/bhtsne

Barnes-Hut t-SNE

Primary LanguageC++OtherNOASSERTION

This software package contains a Barnes-Hut implementation of the t-SNE algorithm. The implementation is described in this paper.

Installation

On Linux or OS X, compile the source using the following command:

g++ sptree.cpp tsne.cpp -o bh_tsne -O2

The executable will be called bh_tsne.

On Windows using Visual C++, do the following in your command line:

  • Find the vcvars64.bat file in your Visual C++ installation directory. This file may be named vcvars64.bat or something similar. For example:
  // Visual Studio 12
  "C:\Program Files (x86)\Microsoft Visual Studio 12.0\VC\bin\amd64\vcvars64.bat"

  // Visual Studio 2013 Express:
  C:\VisualStudioExp2013\VC\bin\x86_amd64\vcvarsx86_amd64.bat
  • From cmd.exe, go to the directory containing that .bat file and run it.

  • Go to bhtsne directory and run:

  nmake -f Makefile.win all

The executable will be called windows\bh_tsne.exe.

Usage

The code comes with wrappers for Matlab and Python. These wrappers write your data to a file called data.dat, run the bh_tsne binary, and read the result file result.dat that the binary produces.

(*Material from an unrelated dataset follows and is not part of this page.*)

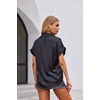 Zeagoo Womens Satin Blouse Short Sleeve Silk Tops Button Down Shirts(Black)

There are also external wrappers available for Torch and R. Writing your own wrapper should be straightforward; please refer to one of the existing wrappers for the format of the data and result files.

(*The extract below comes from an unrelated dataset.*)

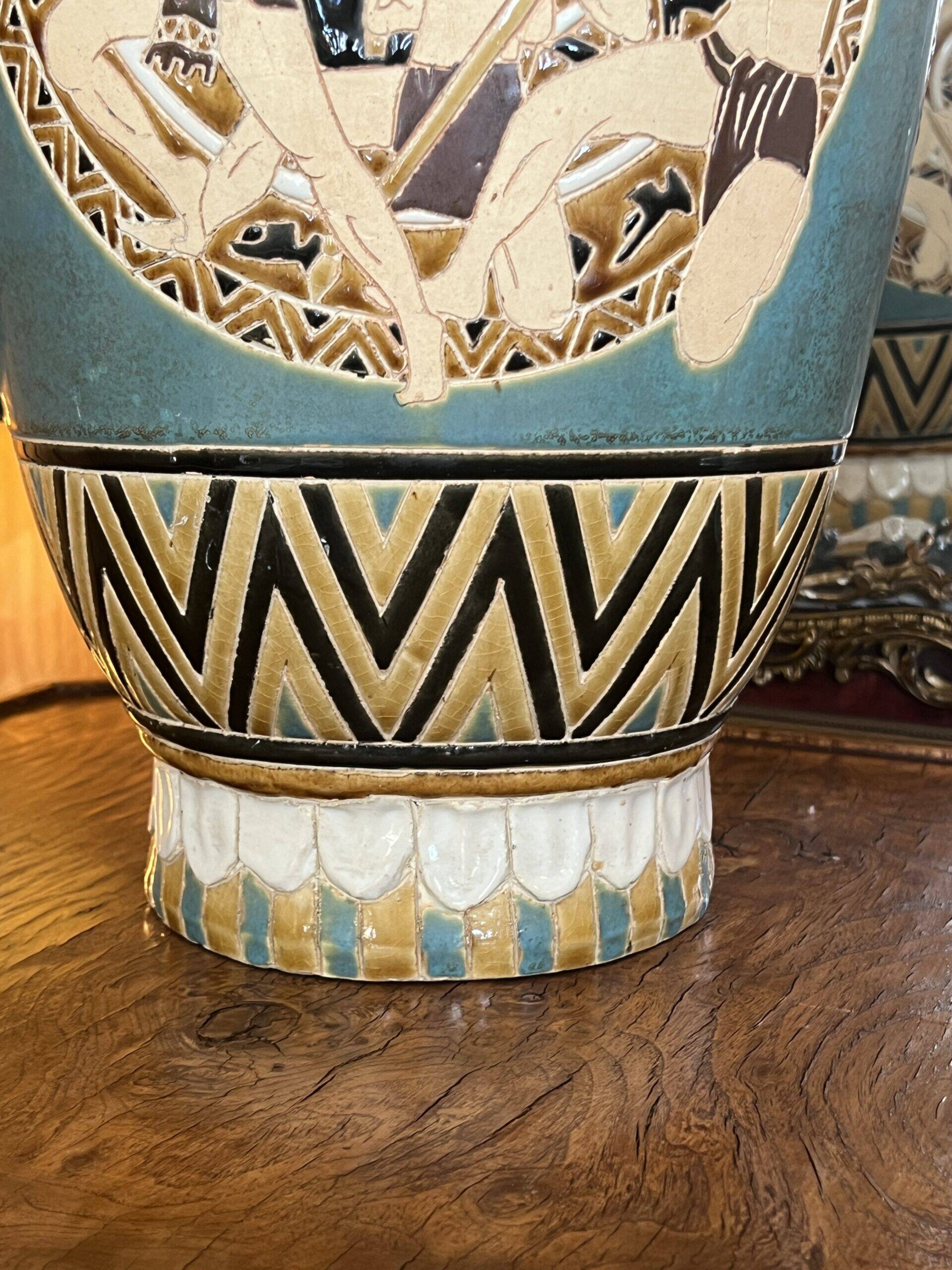 1970s ceramic floor vase, vintage decor, H 56 cm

Demonstration of usage in Matlab:

filename = websave('mnist_train.mat', 'https://github.com/awni/cs224n-pa4/blob/master/Simple_tSNE/mnist_train.mat?raw=true');
load(filename);
numDims = 2; pcaDims = 50; perplexity = 50; theta = .5; alg = 'svd';
map = fast_tsne(digits', numDims, pcaDims, perplexity, theta, alg);
gscatter(map(:,1), map(:,2), labels');